En quelques années, le replay est donc devenu le complément d’audience indispensable des programmes TV. Les chiffres publiés par le CNC en témoignent : en 2020, 9,1 milliards de vidéos ont été visionnées sur les services de Télévision de Rattrapage contre 9,3 milliards en 2019, soit une baisse de 2,3 % sur un an. En cinq ans, la consommation de télévision de rattrapage a été multipliée par 1,8. En 2020, 25,3 millions de vidéos sont consommées en moyenne chaque jour en télévision de rattrapage (25,5 millions en 2019). La consommation de télévision en ligne (qui inclut la TVR ainsi que les bonus et la consommation des chaînes en direct sur les autres supports que la télévision) est en progression sur tous les supports, excepté sur la télévision (-3,9 % à 3,2 milliards de vidéos vues). La plus forte croissance est enregistrée sur l’ordinateur (+4,0 %). En 2020, 1,8 milliard de vidéos sont visionnées sur un écran de télévision (-3,9 %) et 5,4 milliards sur un appareil mobile (+1,4 %) dont 4,3 milliards sur un téléphone mobile (+1,4 %) et 1,2 milliard sur une tablette (+1,6%). 

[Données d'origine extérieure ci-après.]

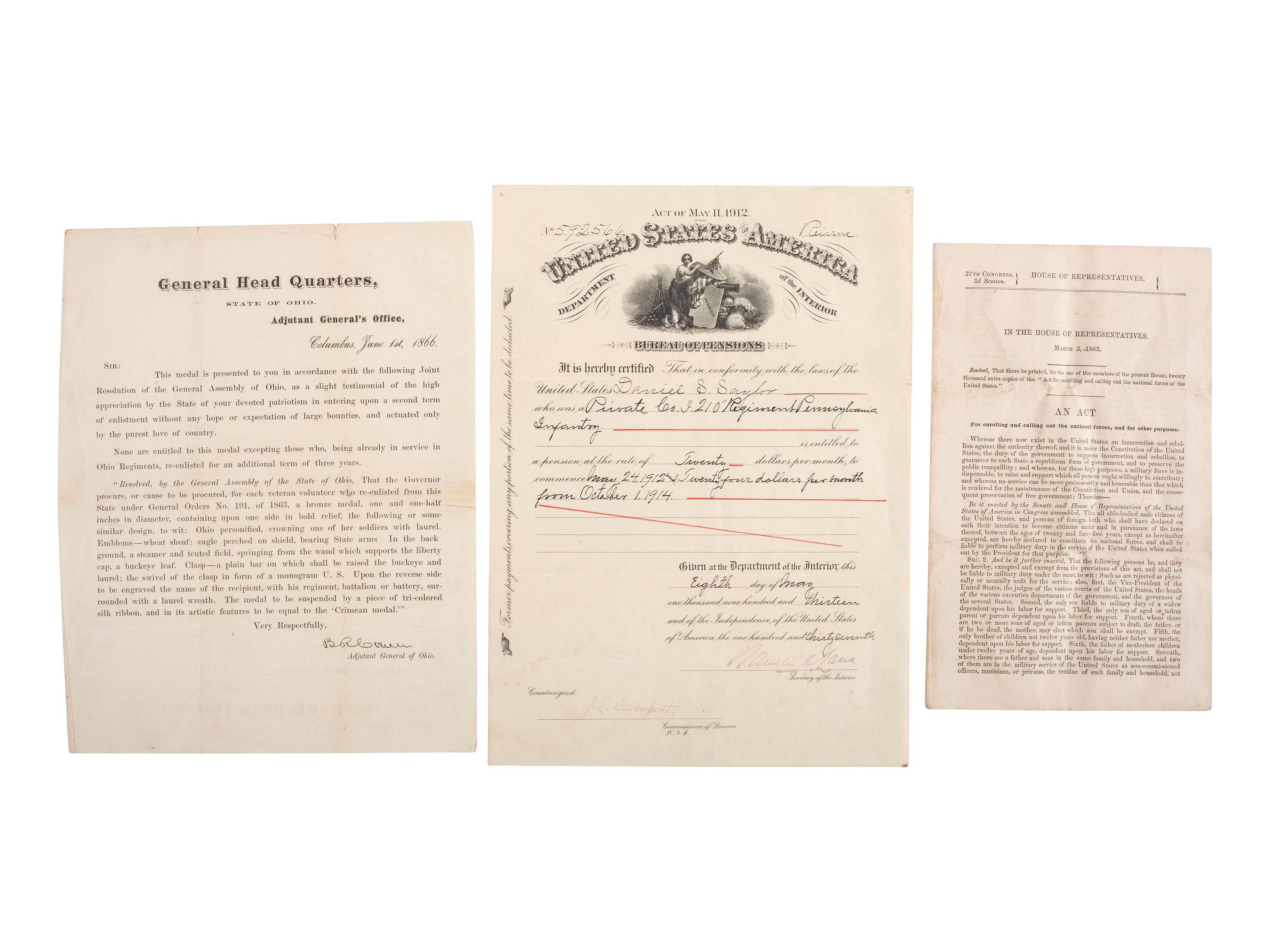 [CIVIL WAR]. A group of documents including muster rolls, discharge papers, and documents from headquarters, highlighted by a muster roll of Company A, 3rd Louisiana Cavalry.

En 2020, pour la cinquième année consécutive, le mobile confirme son statut de premier support de consommation de la télévision en ligne.

Des recettes publicitaires qui ne décollent pas

Mais à bien y regarder, le bilan de la télévision de rattrapage publié par le CNC comporte une information pour le moins surprenante : le chiffre d’affaires du replay ne décolle pas, pire il a reculé de 7,4% en 2020 à 125 millions d’euros. 125 millions d’euros pour 9,1 milliards de vidéos vues. Soit 14 euros pour 1000 vidéos vues. Dans le même temps, on assiste à l’émergence d’une nouvelle forme de replay, pas forcément proposée par des chaînes de télévision, c’est l’AVOD, c’est-à-dire la vidéo à la demande gratuite avec de la publicité. L’AVOD se décline en deux formats : soit sous forme de fausse chaîne TV linéaire, souvent appelée FAST (Free Ad-supported Streaming Television) soit sous forme de site de vidéo à la demande gratuit. En France, plusieurs opérateurs occupent le marché (RakutenTV, Pluto TV, MolotovTV avec Mango, mais aussi Samsung avec son offre Samsung TV+) et d’autres devraient arriver prochainement. Aux Etats-Unis, le marché est en pleine ébullition et les offres sont de plus en plus nombreuses. Le cabinet britannique Digital TV Research estime que les dépenses publicitaires grimperont de 144% entre 2020 et 2026 pour atteindre un chiffre d’affaires de 66 milliards de dollars dans 138 pays.

La déferlante AVOD

Alors, est-ce que le replay à la française va pouvoir résister à la déferlante de l’AVOD ? La BVOD (broadcast VOD, comme l’appellent les anglo-saxons) aura-t-elle la capacité à endiguer l’arrivée d’acteurs internationaux, studios ou nouveaux acteurs, qui vont proposer des dizaines de chaînes FAST et de services AVOD ? Car le marché publicitaire n’est pas extensible et même si le CPM du replay tricolore semble être assez proche de celui des premiers services de AVOD (autour de 14 euros du mille), la bataille va se durcir. L’un des points clés sera la capacité des acteurs locaux à intégrer les technologies de ciblage et de personnalisation, la fameuse publicité adressée. Dans ce contexte, le rapprochement de TF1 et de M6 pourrait faciliter la consolidation d’une offre AVOD qui truste une bonne partie des meilleures audiences du PAF.